How the Republicans can advance U.S.-Asian relations

While U.S. voters were not particularly interested in foreign policy (certainly not Asia policy) during this election, Asia is always interested in U.S. voters. The economic growth of countries such as China and India, and the technological and innovative dynamism of much of the rest of Asia, are significantly impacting the structure of the U.S. economy. Newly elected Republicans have a chance to help the United States continue to benefit from Asia's growing prosperity.

Though the election was not about foreign policy, it is worth noting that former Vice President Dick Cheney's early 2009 critique of Obama's counter-terrorism policies first exposed the chinks in the administration's armor, demonstrating signs of life for a Republican Party declared dead and providing moral support to others in his party who soon voiced their own powerful critiques. Still, this election was about economics and the size and structure of government, not foreign policy. So, I am about to practice economics and politics without a license.

While voters still do not seem to trust the GOP, the party can regain their trust by reclaiming the mantle of economic leadership. Newly-elected Republicans can insist upon free market, pro-free trade policies that can push the president to create a friendlier climate for foreign investment in the United States as well as to ratify a free trade deal with South Korea and pry open other Asian markets for U.S. investment and exports.

By committing to fiscal responsibility, Republicans can provide a more credible case for the global rebalancing that economists agree needs to happen. A collective economic rebalancing, rather than a trade war or legislating punitive tariffs, is the answer to our current economic troubles with China. And a broader commitment to U.S. leadership in trade liberalization throughout Asia will contribute to setting the United States back on the road to economic growth and low unemployment.
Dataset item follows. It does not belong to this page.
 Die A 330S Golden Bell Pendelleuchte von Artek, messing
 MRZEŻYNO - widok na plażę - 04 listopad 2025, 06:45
But the United States is on the horns of a dilemma in Asia, one that new Republican leaders must resolve. Our huge debt and uncertain fiscal position calls into question our ability to sustain a robust diplomatic and military presence in the region; if fiscal austerity includes cuts to the defense budget, Asians will continue to conclude that we are not going to be present in Asia for the long haul. In the context of Asia policy, then, the key challenge for Republican leaders both in Congress and aspiring to the presidency is to strike the right balance between pursuing long-term measures to restore fiscal health without making short-term cuts on defense spending that create deep regional unease.

The first chance for Republicans to reconcile long and short term goals with respect to Asia is during Obama's trip to the region. They should pledge to work with him if he agrees to ratify the FTA with Korea, hold his feet to the fire if he panders to special interests on the issue of outsourcing to India (or what I like to call trading based on comparative advantage), and pledge to support him if he commits to keeping our alliances strong by making the military investments we need to keep the region stable.